Running Through The Airport Like Your Suitcase Is On Fire!
Confessions of a Professional Globetrotter
A funny thing about running through the airport... It's hard to do when you're barefoot and six months pregnant. This is what I found out running through the airport, in a very pregnant manner, with two small children running right behind me, dragging their two little kiddie roll-away carry-on suitcases behind them.
It's easy to do. You've had a great vacation but it's time to go home. You wake up on time at the hotel the day of your departure. Your flight is two hours away but you're only a half hour from the terminal. Two days prior, you scheduled a shuttle bus to arrive an hour and a half before your flight would leave. You don't have any check in baggage - just a couple of carry-on bags. There's no rush. You have a smile on your face as you grab a pastry in the lobby and meander out front to wait for your ride. No problem, right? What could go wrong? Yes... Well, honey, let me tell you something. When traveling, things can and do go wrong - when you least expect them.

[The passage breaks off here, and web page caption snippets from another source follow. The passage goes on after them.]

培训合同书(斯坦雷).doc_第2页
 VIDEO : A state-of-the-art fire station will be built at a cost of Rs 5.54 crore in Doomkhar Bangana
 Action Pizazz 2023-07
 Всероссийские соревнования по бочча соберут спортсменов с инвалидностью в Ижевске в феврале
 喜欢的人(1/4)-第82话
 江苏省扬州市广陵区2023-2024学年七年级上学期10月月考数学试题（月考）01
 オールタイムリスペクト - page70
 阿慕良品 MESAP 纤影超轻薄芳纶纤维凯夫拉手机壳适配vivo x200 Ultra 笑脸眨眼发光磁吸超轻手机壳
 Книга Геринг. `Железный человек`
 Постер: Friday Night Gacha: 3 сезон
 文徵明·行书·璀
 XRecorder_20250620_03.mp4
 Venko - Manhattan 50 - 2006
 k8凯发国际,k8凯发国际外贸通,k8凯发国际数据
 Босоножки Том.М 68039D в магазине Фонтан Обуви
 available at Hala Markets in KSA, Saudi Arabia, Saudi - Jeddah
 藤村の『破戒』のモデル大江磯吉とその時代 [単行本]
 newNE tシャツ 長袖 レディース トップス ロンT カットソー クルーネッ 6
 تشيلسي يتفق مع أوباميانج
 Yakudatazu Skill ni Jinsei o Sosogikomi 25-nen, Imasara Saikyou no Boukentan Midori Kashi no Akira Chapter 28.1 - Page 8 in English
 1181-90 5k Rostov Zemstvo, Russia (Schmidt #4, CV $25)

Take me, for example, as I woke up promptly, readied my children, and left on time from my room. I stood outside in a cheerful mood, waiting politely for my shuttle. It was only a few minutes late, I figured. Of course, that would be natural. I was leaving a major city: Los Angeles. So, a few minutes late wouldn't be a problem. That's why I was catching the shuttle an hour and half before my flight. Then a few minutes became twenty minutes. I paced and bit my lower lip. Then twenty minutes became thirty minutes. I hunted down the concierge. Forty-five minutes had elapsed. The concierge knew nothing. My shuttle hadn't arrived. I was going to miss my flight - the flight with the non-refundable, non-transferable, non-changeable tickets! If I missed that flight, I'd have to buy new tickets! Something had to be done!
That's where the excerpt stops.